The latest order is based on a draft assessment note of January 22, 2014, on the alleged capital gains Cairn made in a 2006 reorganisation of its India business.
The Edinburgh-based Cairn Energy still holds 9.8 percent equity stake in Cairn India through its UK Holdings Ltd. (CUHL), after it sold majority stake in it to the London-based Vedanta mining group for $8.67 billion in 2011 though it raised Rs.8,616 crore ($1.9 billion) through a initial public offering (IPO) in mid-2006.
“The aggregate amount of Rs.29,000 crore excludes any applicable penalty, which may also be applied to the final assessment (potentially up to 100 per cent of the final assessment order, excluding interest),” Cairn said.
Asserting that it would contest the assessment proceedings, the company said it was pursuing its right to appeal against the order under the Indian law on the retrospective tax and penalty, besides protecting its assets from any legal action.
The IT department notice was issued before (February 4) Finance Minister Arun Jaitley in his budget speech on February 29 made a one-time offer to waive interest and penalty if companies paid the principal amount to settle the retrospective tax disputes.
“The total assets of the Cairn subsidiary against which the tax authorities are seeking to pursue a tax claim are $477 million (including principally the group’s near 10 percent shareholding in Cairn India Ltd.) and any recovery by the Indian authorities would be limited to such assets,” Cairn said last month.
Cairn Energy, which in 2011 sold majority stake in Cairn India to mining major Vedanta Resources, has said it had to scale back on investments as it was barred by the Income Tax Department from selling its residual 9.8 percent stake.

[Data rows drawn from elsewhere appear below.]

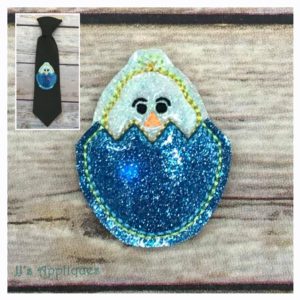 Flashing Chick in Egg 2 Applique Feltie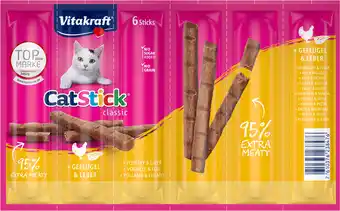 PLUS Vitakraft catstick gevogelte en lever aanbieding
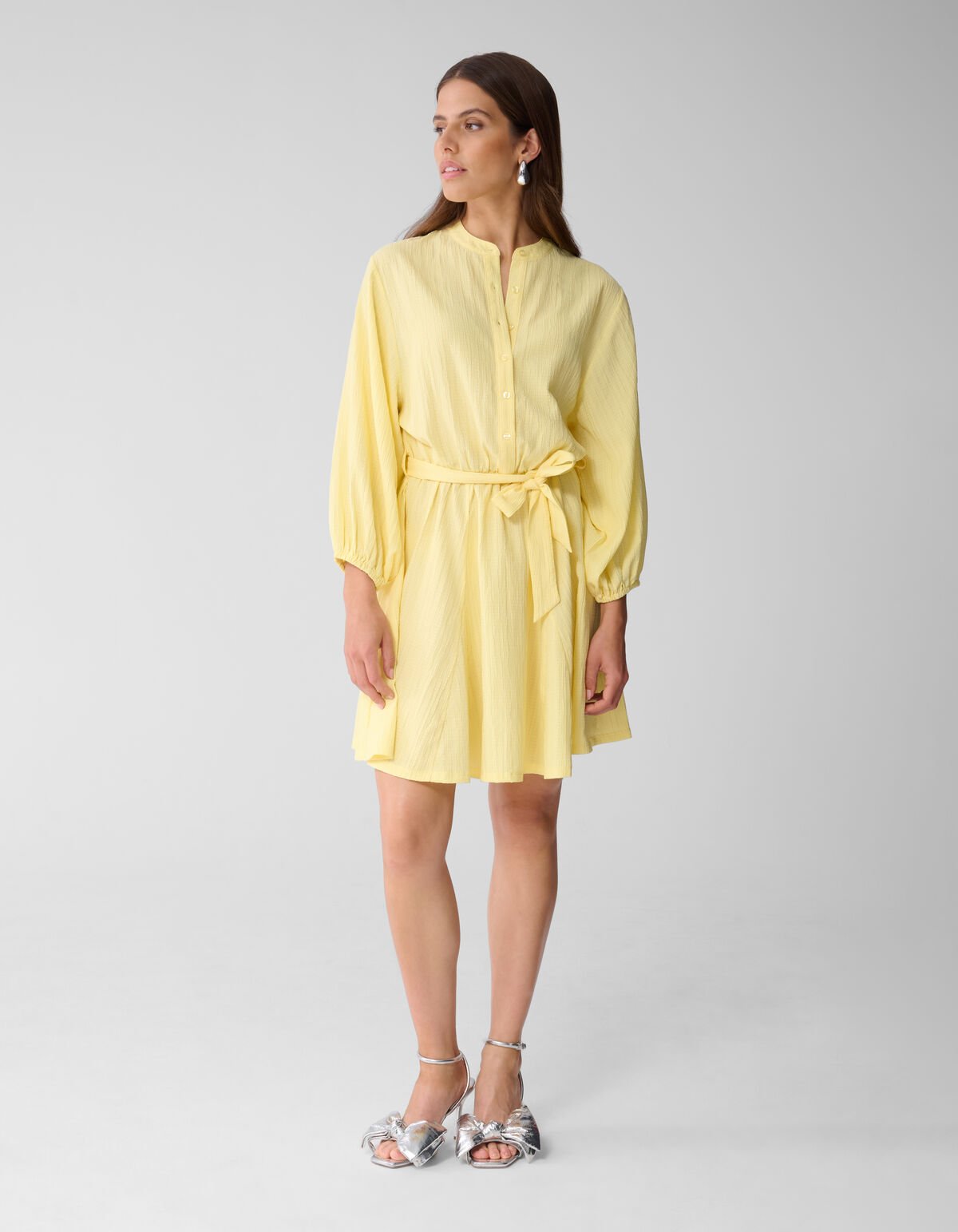 Mini Jurk Lichtgeel SHOEBY WOMEN
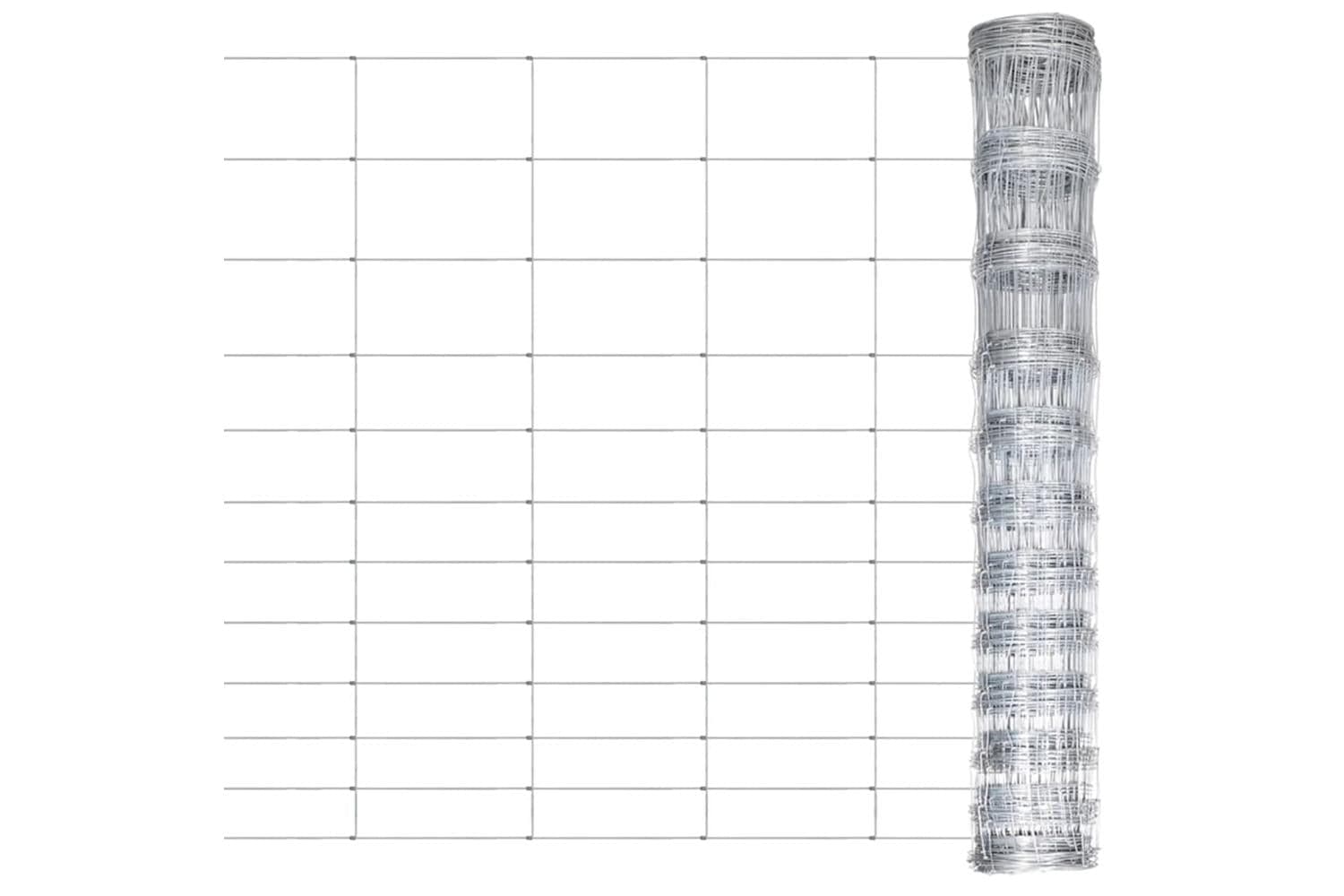 vidaXL 149505 Garden Fence Galvanised Steel 50 M 150cm Silver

“Cairn is at present restricted by the Indian Income Tax Department from selling its shares in Cairn India,” it said in the notice of the AGM.
“Nevertheless, Cairn believes it is appropriate to retain the flexibility to realise Shareholder value from its residual interest in Cairn India in the event that the Company is free to make such a disposal,” it added.
Cairn India stock was trading at 3.15 p.m. on Friday at Rs.149.05 a share, up 2.20 points, or 1.5 percent, over its previous close on the Bombay Stock Exchange.